The AHCA is a farce.  It is not a good plan.  Too many people would lose coverage.  Too many conditions are considered pre-existing.  We do not want people with mental illness, especially serious mental illness like schizophrenia, Bipolar Disorder and Major Depressive Disorder to go untreated or without medication.  That would be a potential social crisis, especially with Texas loosening the restrictions on gun ownership.  I understand that many in Washington are saying that the November election demonstrated that people want the ACA repealed.  However, one must consider the fact that Trump was not elected by a majority of the voters and that even more people have come out in opposition to the AHCA than are opposed to the ACA.  Many dislike the ACA simply because they dislike Obama and anything associated with his name (i.e.
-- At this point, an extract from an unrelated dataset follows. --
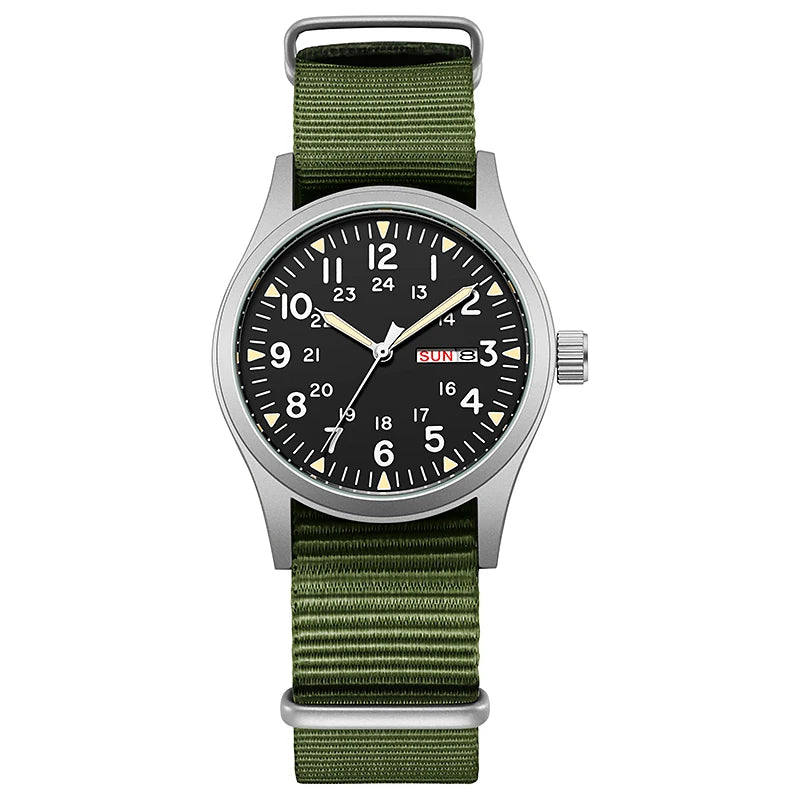 Montre de terrain K7105 – 38 mm, bracelet nylon et aiguilles lumineuses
Obamacare).

 

In addition, I must also express the belief in self-determination and my right to make my own healthcare decisions.  These are decisions that I take seriously and that should be made with the advice of my physician, the consideration of my husband and family.  In no way should an elected official have a voice in these choices.  I would strongly recommend that the committee include women and persons of color (some groups have specific health concerns, such as diabetes and sickle-cell anemia).

 

Like many other providers, I am increasingly in favor of a single-payor system, not run by a profit-motivated insurance company.  I am not in favor of the attempt made in Texas with Medicaid outsourcing as the rules are nebulous and inconsistent.  I support the expansion of Medicare to younger and healthier people.  Many would remain on health insurance provided by their employer.  The premiums paid by younger members who generally require less coverage would be available to provide for the needs of the older population.  I don’t have the details worked out, but I think this is an excellent place to begin.

 

Your constituents, my clients, me and my family, all deserve access to quality, affordable healthcare.  I am optimistic that as my senator you will put our interests above the financial motivations of the insurance companies.

 

I would be more than happy to discuss my concerns with you directly or with someone on your staff.  As far as healthcare is concerned, I’m on the front lines.